Lewis followed her there and intercepted her in the attorney's office, to drive her home. As they approached Loyalton, in a memorable sequence, Rosa asked for Lewis to stop the car to get a warm blanket from the trunk. She took the opportunity to throw herself down a hillside into a ravine to cause an injury and a miscarriage (a self-induced abortion), to kill her unwanted and unborn baby. The baby was lost, and Rosa's recovery was extremely slow. She was impatient (about leaving for Chicago) and accused her good-hearted husband Lewis of causing her serious illness and a high fever - evidence of blood poisoning (or peritonitis), in order to delay her departure:

"You did this to me, I know you did! You want me to die, don't you? You're trying to punish me for all the things I've done. I'm gonna fool you, I'm gonna live!...There's nothing wrong with me that a good doctor couldn't cure. Why should I lie here in this dump when I could have the best of everything, the best that money could buy, everything deluxe! All this is just a stall to keep me here! You really hate me, don't you? You finally got the guts to hate me! Well congratulations, it'll make a new man of you!"

She deliberately broke her medicine bottle, forcing Lewis to drive to the hospital in Ashwood to obtain more medicine for her.

Rosa's Memorable Death:

The feverish Rosa dragged herself from her bed, and in a half-crazed, fever-induced madness, she frantically and hysterically attempted to escape from her environment - to "move on" - by dressing herself up. As Jenny showed real compassion and helped her to put on her ankle-strapped shoes, Rosa spoke about her ultimate goal and sang to herself: "Excitement. Ever hear of excitement, Jenny? It's like fire running through you! Chicago, Chicago - the toddling town, the toddling town. Chicago, Chicago." She muttered to herself a complaint: "That mill sucks all the juice out of this town!" As she struggled to dress herself, she again mocked and insulted Jenny: "Do you have to stand there like a cigar store Indian? Can't you help me? The zipper's jammed! You clumsy fool! You want me to miss that train. Get out of here! Get out!"

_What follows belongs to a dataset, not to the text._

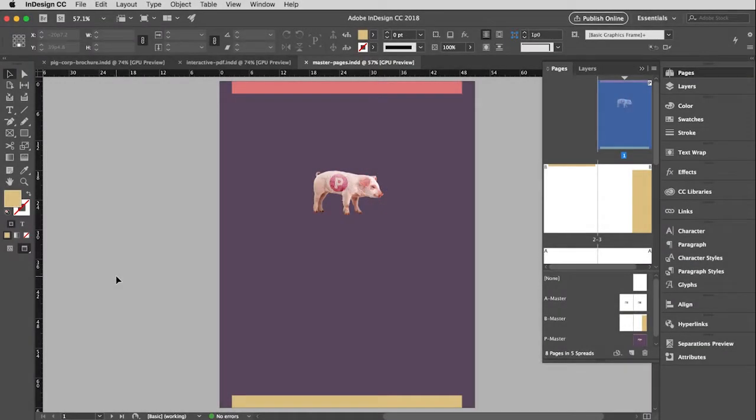In this video, I'm going to talk about how to create a PDF and an interactive PDF from within Adobe InDesign.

Before her bedroom mirror, she smeared herself with lipstick and mascara - and viewed her grotesque image in a mirror - before adjusting her disheveled clothing, mentioning her future name ("Mrs. Neil K. Latimer"), feebly descending the stairs, and leaving the house. She painfully made her way toward the train station to catch the 10 o'clock train - as she heard the refrain "CHICAGO, CHICAGO" again pounding in her head.

In her memorable death scene, the Chicago train slowly pulled away, revealing that Rosa had fallen and collapsed, and died in the roadway as she neared the boarding platform of the train station. Lewis (who had been alerted by a phone call from Jenny) arrived to find her deceased body in his car's headlights - as the camera pulled up and away. She was justly paid and compensated for her selfishness and her sinful ways.